James 4:8 talks about this when he uses the word “double-minded.” Amazingly, the Greek word for double-minded in this passage can also mean “double-souled” – two parts of the soul with
different mindsets and behaviors in one person. Isn’t it amazing how accurate and revealing God’s Word is?
This kind of brokenness, or double-mindedness, can be seen in all kinds of very stubborn struggles. They can create things like:
- Marital troubles from troubles rooted in broken personalities.
- Bi-polar disorder from an outgoing manic part and one that is withdrawn and dejected.
- Eating disorders and addictions can be in parts using addictive behaviors to handle pain.
- Feelings of rejection, the need to withdraw, or rebellion, anxiety, depression, etc.
The list of emotions and behaviors can be as varied as our circumstances and our personalities.
Wounded parts of the soul are one of the most persistent causes of unanswered prayers for help. It is not that God doesn’t hear or want to heal. It is because God never violates our will. Broken parts have a will of their own – it breaks off with them. They need to pray for themselves, repent, and be fused with the core personality. This is part of what is done in our ministry. (We deal with other issues in our ministry too.)

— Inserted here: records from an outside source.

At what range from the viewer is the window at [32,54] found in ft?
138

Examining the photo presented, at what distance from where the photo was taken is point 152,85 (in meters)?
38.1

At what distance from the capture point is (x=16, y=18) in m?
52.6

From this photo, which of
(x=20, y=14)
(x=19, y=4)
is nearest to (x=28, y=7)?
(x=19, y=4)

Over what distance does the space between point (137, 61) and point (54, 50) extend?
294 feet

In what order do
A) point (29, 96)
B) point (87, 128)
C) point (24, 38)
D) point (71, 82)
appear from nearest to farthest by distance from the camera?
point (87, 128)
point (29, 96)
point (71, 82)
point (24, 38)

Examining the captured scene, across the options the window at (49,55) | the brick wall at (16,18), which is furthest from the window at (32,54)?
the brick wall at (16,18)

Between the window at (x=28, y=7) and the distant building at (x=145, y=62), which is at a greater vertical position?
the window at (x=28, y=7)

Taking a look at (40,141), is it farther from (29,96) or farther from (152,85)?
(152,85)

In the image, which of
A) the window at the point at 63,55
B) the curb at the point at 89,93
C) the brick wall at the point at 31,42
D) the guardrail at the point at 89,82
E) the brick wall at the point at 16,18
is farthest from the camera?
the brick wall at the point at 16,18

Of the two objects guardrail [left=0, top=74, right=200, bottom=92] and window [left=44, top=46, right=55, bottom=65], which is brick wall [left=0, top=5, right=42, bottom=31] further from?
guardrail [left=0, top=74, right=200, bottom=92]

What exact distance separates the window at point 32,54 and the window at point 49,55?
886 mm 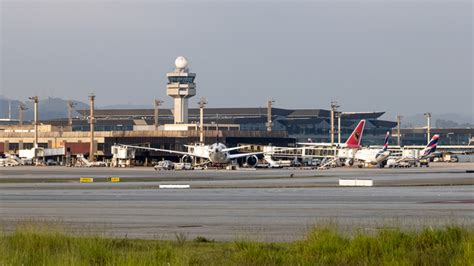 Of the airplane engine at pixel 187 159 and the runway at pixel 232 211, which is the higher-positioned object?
the airplane engine at pixel 187 159

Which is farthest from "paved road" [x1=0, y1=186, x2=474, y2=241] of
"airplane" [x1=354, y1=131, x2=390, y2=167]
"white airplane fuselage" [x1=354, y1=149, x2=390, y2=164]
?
"airplane" [x1=354, y1=131, x2=390, y2=167]

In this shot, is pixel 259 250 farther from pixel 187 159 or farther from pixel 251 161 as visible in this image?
pixel 187 159

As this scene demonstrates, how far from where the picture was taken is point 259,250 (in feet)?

When working with a broken part, the speed and thoroughness of God’s healing is amazing. We have seen God remove the crippling affects of rape or a lifetime of rejection in a matter of minutes. The person witnesses of permanent healing from previously life-long wounds! God is the one who does this healing, and seeing it happen is nothing short of amazing!
Ministering to the Broken Soul
The time required to heal a broken soul varies by person. Sometimes it is several days of appointments, in other cases, such as with satanic ritual abuse, there can be years of work. Regardless of an individual’s time, the progress is astounding compared to many other approaches. For example, a single broken part of a person can be met, helped to mature to adult age, healed, and merged in two to three hours on average, sometimes less. Traditional counseling-based approaches require years to accomplish the same thing. This is not because of any special gifting we have. It is simply due to the fact that interactions with God, when properly facilitated, heal quickly. Healing the broken soul is at the heart of the cross. This is the reason Jesus quoted Isaiah 61:1 when he announced his presence in Nazareth which says he came to “bind up the broken hearted.”